BAIS:3600 - Data Engineering: (offerings planned spring semesters)

Data Engineering is a growing discipline with more opportunities to store and process Big Data and to contribute to business' data-informed decision-making. Building upon foundational skills that intersect with security, data architecture, and software engineering, students will leave this class with essential skills to engineer data pipelines at scale.


Students will learn:

  • Learn advanced data principles that will be transferable to any technology stack 
  • Continue to build upon previous coursework to advance their SQL and Python skills 
  • Build skills to work in modern data ecosystems that include disparate data types and formats 
  • Demonstrate knowledge of the data lifecycle through hands-on assignments  
  • Take the DP:900 - Microsoft Azure Data Fundamentals certification exam


Students will be able to:

  • Configure and manage a cloud-based data environment (using Azure)
  • Generate and maintain scalable data infrastructures through quality query-writing and storage optimization
  • Develop data pipelines with both relational and non-relational data
  • Utilize data to produce effective analytics and data visualizations


List of BAIS elective courses offered in other departments.

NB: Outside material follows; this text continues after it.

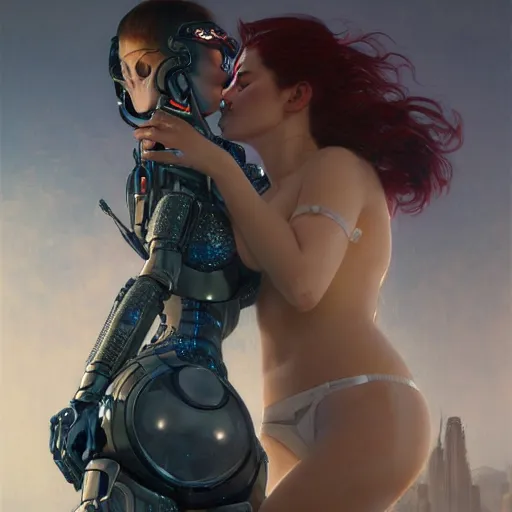 Image similar to Ultra realistic illustration, two women kissing a robot, cyberpunk, sci-fi, fantasy, intricate, elegant, highly detailed, digital painting, artstation, concept art, smooth, sharp focus, illustration, art by artgerm and greg rutkowski and alphonse mucha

CS:1210 - Computer Science I:Fundamentals:

This elective course is offered through the Computer Science department in the College of Liberal Arts and Sciences.



ECON:3355 - Economic and Business Forecasting:

This elective course is offered through the Economics department.



MKTG:3102 - Marketing Analytics:

This elective course is offered through the Marketing department.



BAIS:3100 - Accounting Systems and Analytics:

This elective course is offered through the Accounting department.



STAT:4540 - Statistical Learning:

This elective course is offered through the Statistics department.